● Work to complete: Copying rule for the data below: pictures stay out, and only the lines from the one with "The theme of" down to the one with "How to crack", inclusive, are repeated exactly.

● Dataset entries:
********
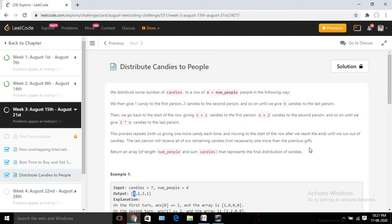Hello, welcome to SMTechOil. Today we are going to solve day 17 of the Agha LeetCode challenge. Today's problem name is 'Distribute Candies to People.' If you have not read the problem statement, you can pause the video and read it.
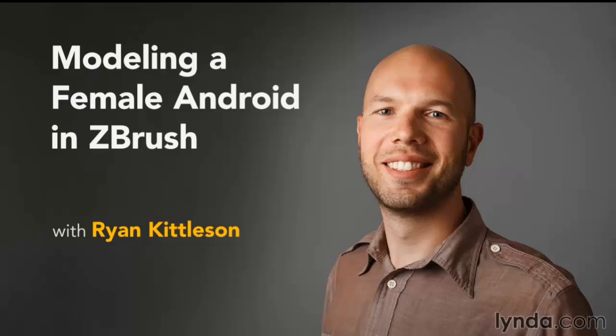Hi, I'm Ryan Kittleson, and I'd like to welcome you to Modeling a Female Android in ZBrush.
********
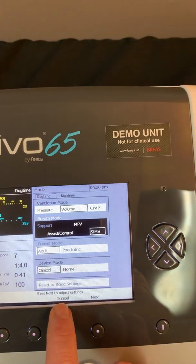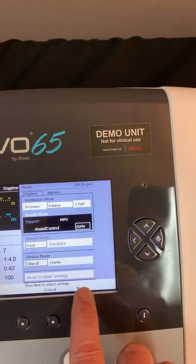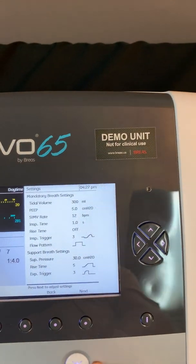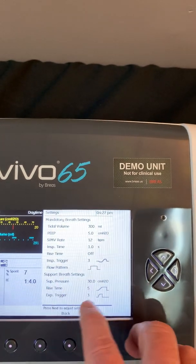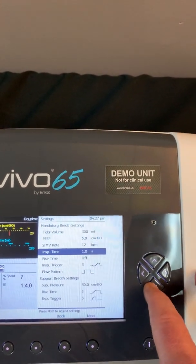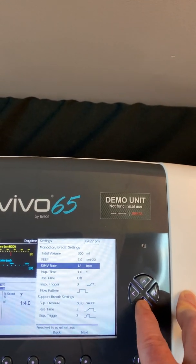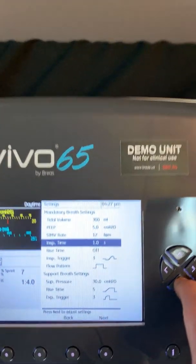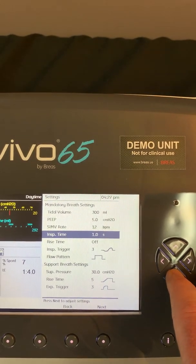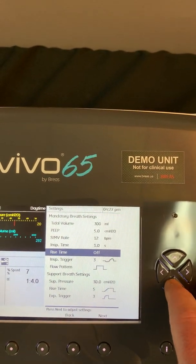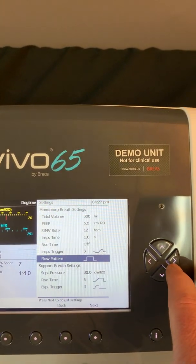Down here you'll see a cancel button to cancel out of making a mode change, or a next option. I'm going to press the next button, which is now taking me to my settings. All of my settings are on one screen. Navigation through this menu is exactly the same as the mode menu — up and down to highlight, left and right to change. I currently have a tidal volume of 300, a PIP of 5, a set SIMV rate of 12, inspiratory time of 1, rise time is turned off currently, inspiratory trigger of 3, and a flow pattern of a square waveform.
********
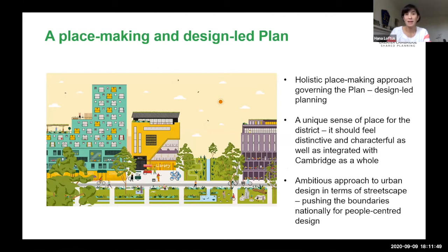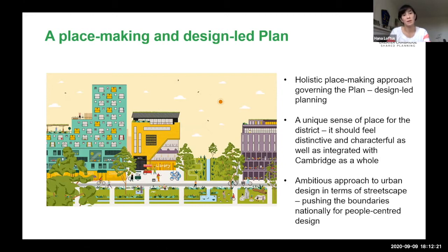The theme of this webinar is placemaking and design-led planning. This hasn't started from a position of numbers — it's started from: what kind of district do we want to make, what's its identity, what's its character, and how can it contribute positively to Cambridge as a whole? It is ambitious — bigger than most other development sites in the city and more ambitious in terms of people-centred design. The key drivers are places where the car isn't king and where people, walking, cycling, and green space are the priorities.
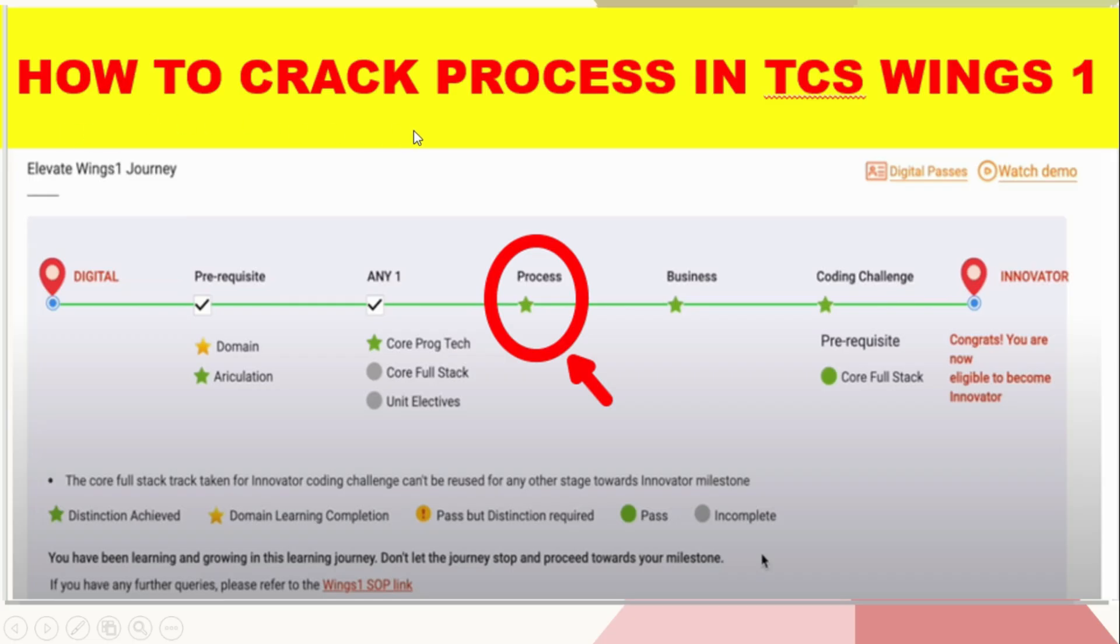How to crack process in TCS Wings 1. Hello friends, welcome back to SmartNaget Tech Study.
********
● Solution for this task:
The theme of this webinar is placemaking and design-led planning. This hasn't started from a position of numbers — it's started from: what kind of district do we want to make, what's its identity, what's its character, and how can it contribute positively to Cambridge as a whole? It is ambitious — bigger than most other development sites in the city and more ambitious in terms of people-centred design. The key drivers are places where the car isn't king and where people, walking, cycling, and green space are the priorities.
How to crack process in TCS Wings 1. Hello friends, welcome back to SmartNaget Tech Study.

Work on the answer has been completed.